====== RECORDS FOR PROCESSING

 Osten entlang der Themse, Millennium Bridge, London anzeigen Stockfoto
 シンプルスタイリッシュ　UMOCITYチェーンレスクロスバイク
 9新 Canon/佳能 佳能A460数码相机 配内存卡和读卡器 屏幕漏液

============
====== RECORDS FOR PROCESSING

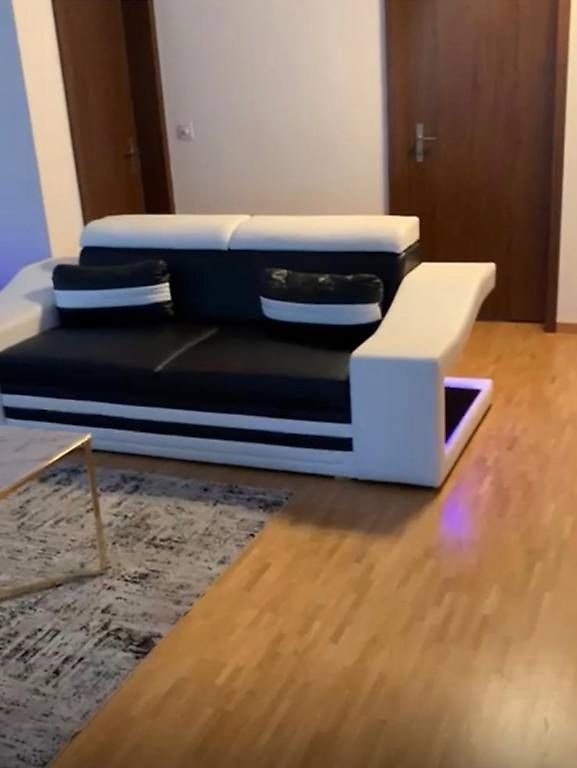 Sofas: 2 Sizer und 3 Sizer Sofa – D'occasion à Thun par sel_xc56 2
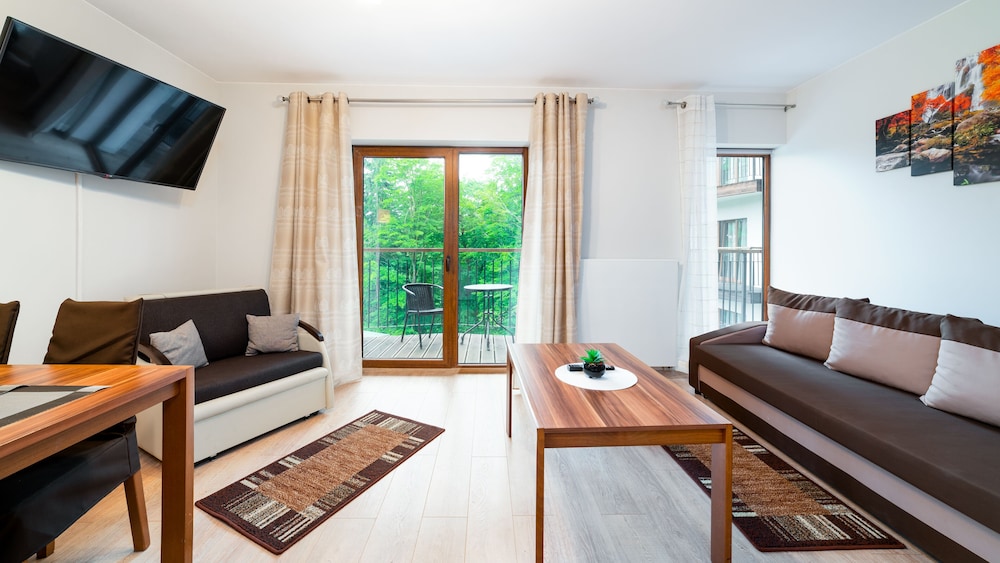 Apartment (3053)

============

● **WHAT YOU NEED TO DO**
Begin with the line that has "Osten entlang der" in the listing above and end after the line that has "9新 Canon/佳能 佳能A460数码相机 配内存卡和读卡器 屏幕漏液"; output those lines exactly.

● **REPLY TO THE TASK**
 Osten entlang der Themse, Millennium Bridge, London anzeigen Stockfoto
 シンプルスタイリッシュ　UMOCITYチェーンレスクロスバイク
 9新 Canon/佳能 佳能A460数码相机 配内存卡和读卡器 屏幕漏液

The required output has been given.